I admit it openly, I am pretty naïve when it comes to a lot of stuff. Moving up here we have seen things that you quickly learn goes unfazed to a lot of New Yorkers. Case in point the cross dressing jogger of First Avenue. At first, it raised an eyebrow when Mrs. Trumpet and I were heading to our local drinking establishment. Now we worry if we don’t see her jogging in their slinky black dress and running shoes each day. You think that I am bullshitting you? Google First Avenue Cross Dressing Jogger! But don’t do it on your work computer. We need you still employed on Thursday.

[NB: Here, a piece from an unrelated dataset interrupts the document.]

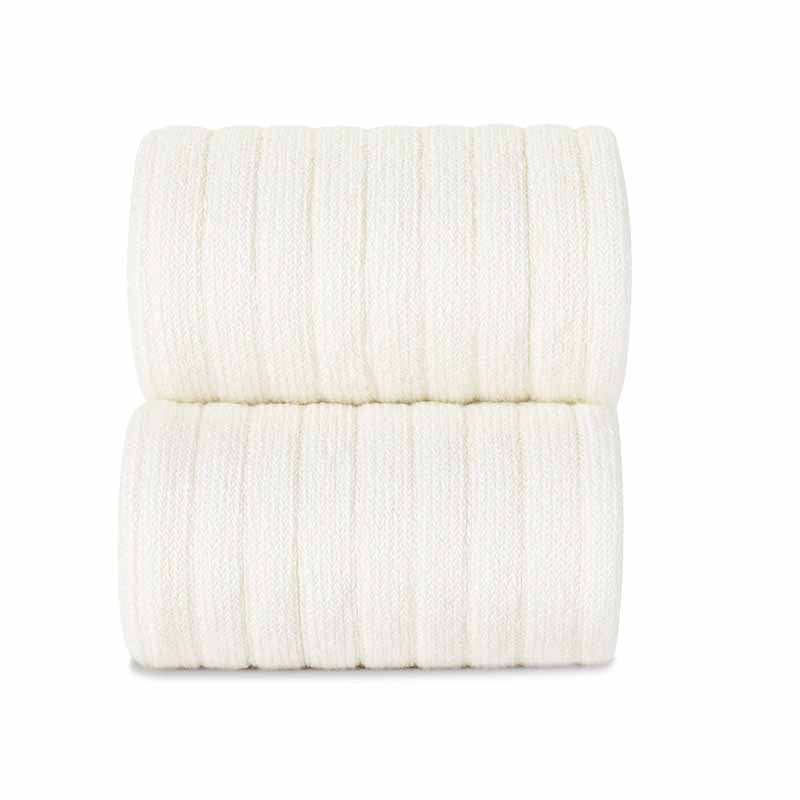 IVORY Basic Rib Cotton Short Socks (A/W)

A couple of weeks back some of our friends were vacationing in the Redneck Riviera well before our arrival. They posted a picture of some pink flamingos that they put into the sand to mark their beach chairs. Naturally since we had a large group heading with us, I visited Amazon and purchased a set (alcohol may or may not have been involved) for our trip. I posted the picture on Instagram and sent a pic on the group thread that a couple of us were on. Then it happened;
“All Signs Point to Yes” shot me a text on the group thread that his daughter informed them that a pink flamingo was the tale tail sign of swingers and we should watch out. Naturally I called crap and decided to GTS that to confirm. I mean Google is the official Non Fake News outlook of 47 year old men who have been married for 20 years. Sure enough there it was in black and white on my iFoam. “You may be a swinger if you have Flamingos in your front yard, white rocks around your mailbox, a black band on your right hand and some other things.” I passed it off and we kept on putting up the lawn art each morning so that our niece and nephews could find our beach chairs and we didn’t have any incidents. Sorry to disappoint our readers but we didn’t get propositioned but we did get some strange looks. You ever seen a beached whale under a beach umbrella chain smoking cigars? You get my drift.

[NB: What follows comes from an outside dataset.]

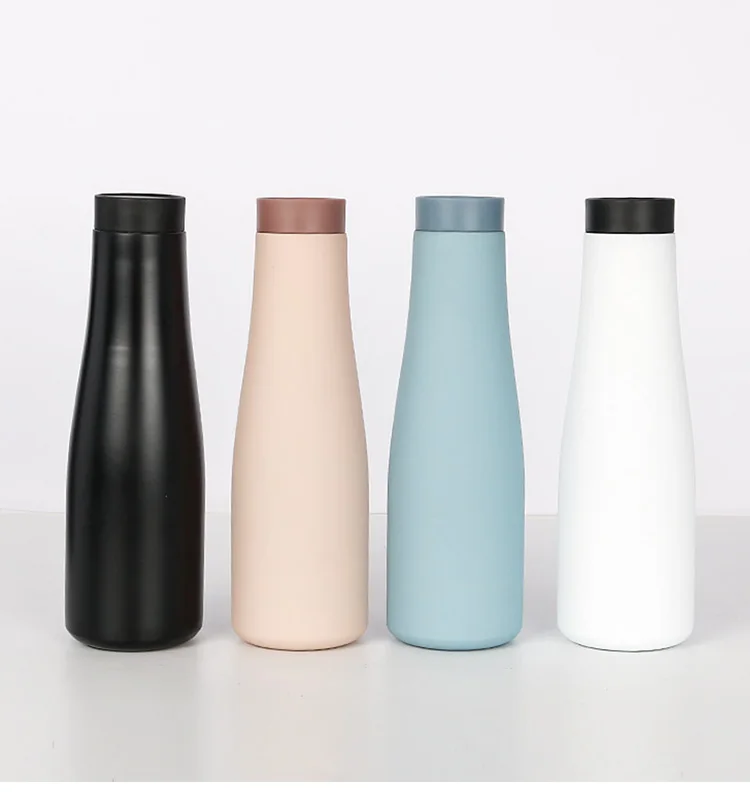 500ml Vacuum Sport Double Wall Stainless Steel Thermo Cola Shape Drink ...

I mean does this look like the face of a Swinger? Hell I just got enough money to afford those extra chins.
Can’t believe that someone put a Bud Light by our beach chair. The nerve of people!

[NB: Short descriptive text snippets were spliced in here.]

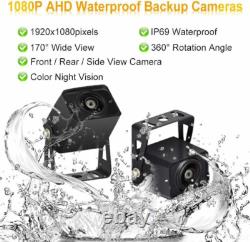 7 DVR Record Quad Split Monitor AHD Rear View Backup Camera 128GB Truck Caravan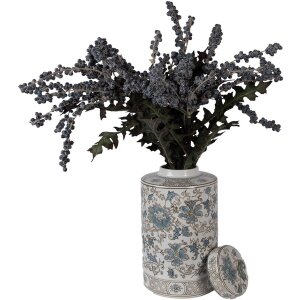 Clayre & Eef Decoratieve bloempot met deksel Ø 18x30 cm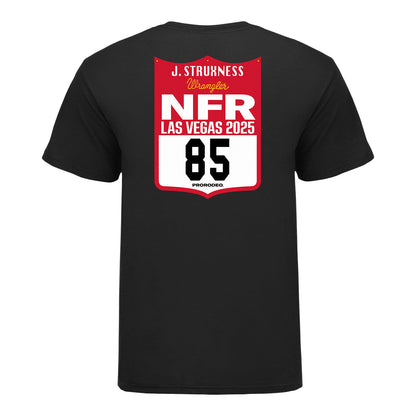 NFR 2025 JD Struxness Number T-Shirt - Back View
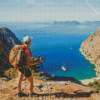 Girl Hiking In Lycian Way Diamond Painting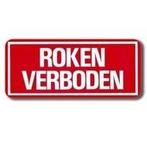 Aanduidingsbord roken verboden, Zakelijke goederen, Kantoor en Winkelinrichting | Beveiliging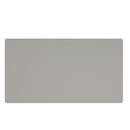 Corvus Rectangular Coffee Table: Warm Grey, Tempered Glass, U-Shaped Pedestal Base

Day 2 and from my vantage point under the umbrella all was good.
I promise that a bead of sweat rolled down my face when I started typing in “Are Flamingo’s the sign of a swinger?”
But you know what also showed up as the sign of a swinger? Garden Gnomes! Be careful you swingers in Memphis. Exposure to RJ may result in pregnancy. AS – now feel free to judge me!
Keep it light folks and I hope you enjoyed the laugh!